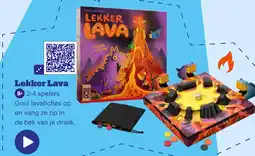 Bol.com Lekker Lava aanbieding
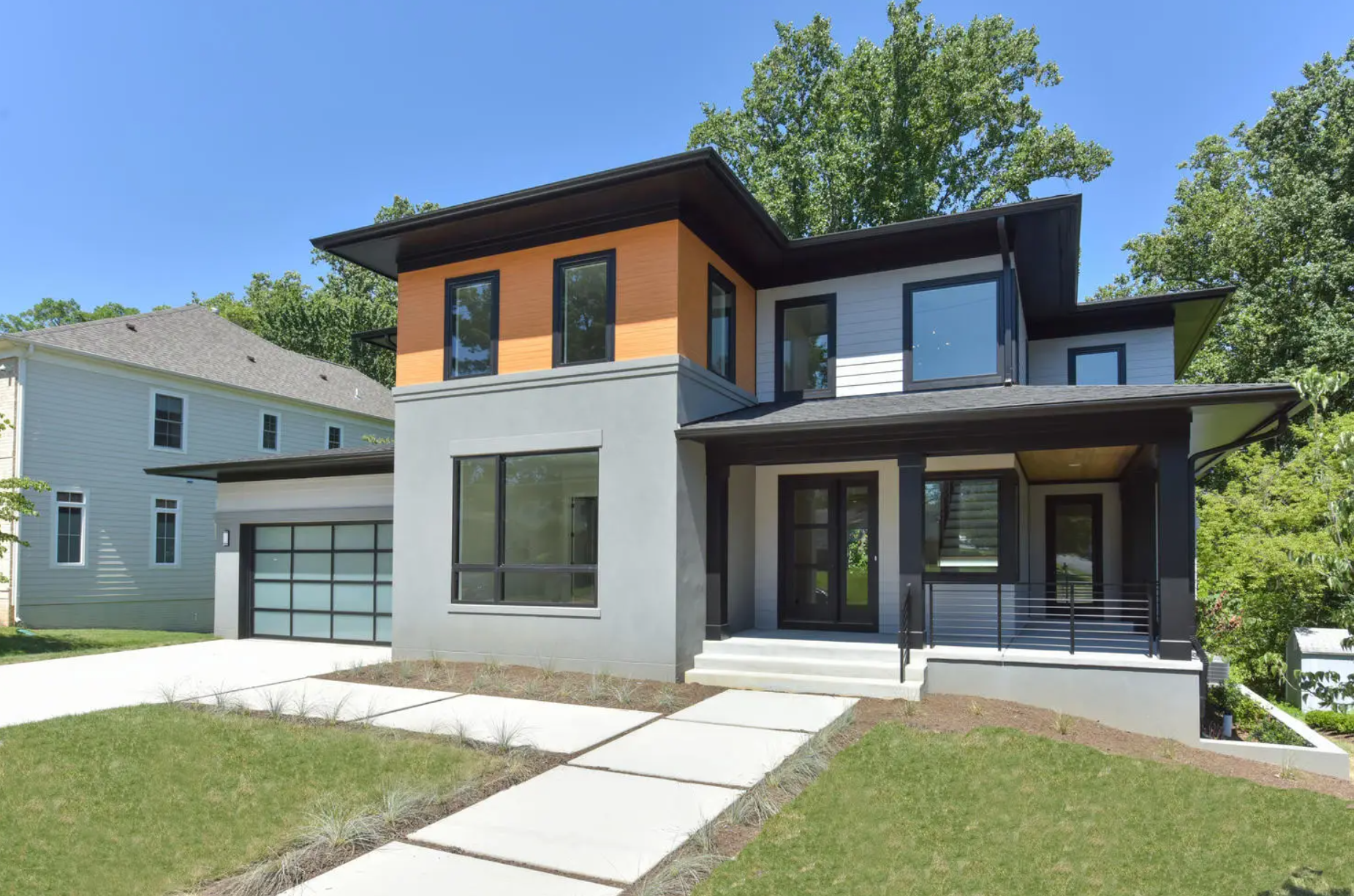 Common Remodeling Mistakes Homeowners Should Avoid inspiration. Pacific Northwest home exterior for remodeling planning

^^^^^^^^

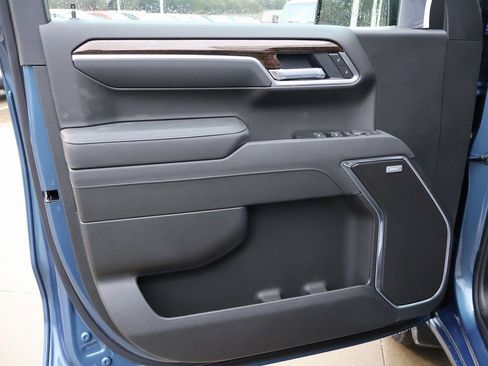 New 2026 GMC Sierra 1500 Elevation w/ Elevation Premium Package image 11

^^^^^^^^

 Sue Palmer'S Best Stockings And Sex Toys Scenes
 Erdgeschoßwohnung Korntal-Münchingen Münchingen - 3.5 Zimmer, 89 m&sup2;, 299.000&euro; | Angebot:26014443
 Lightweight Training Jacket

^^^^^^^^

## [Your assignment]
All that is wanted is a faithful reproduction of the line above with "Erdgeschoßwohnung Korntal-Münchingen Münchingen", the line with "Lightweight Training Jacket", and every line in between.

## [Answer]
 Erdgeschoßwohnung Korntal-Münchingen Münchingen - 3.5 Zimmer, 89 m&sup2;, 299.000&euro; | Angebot:26014443
 Lightweight Training Jacket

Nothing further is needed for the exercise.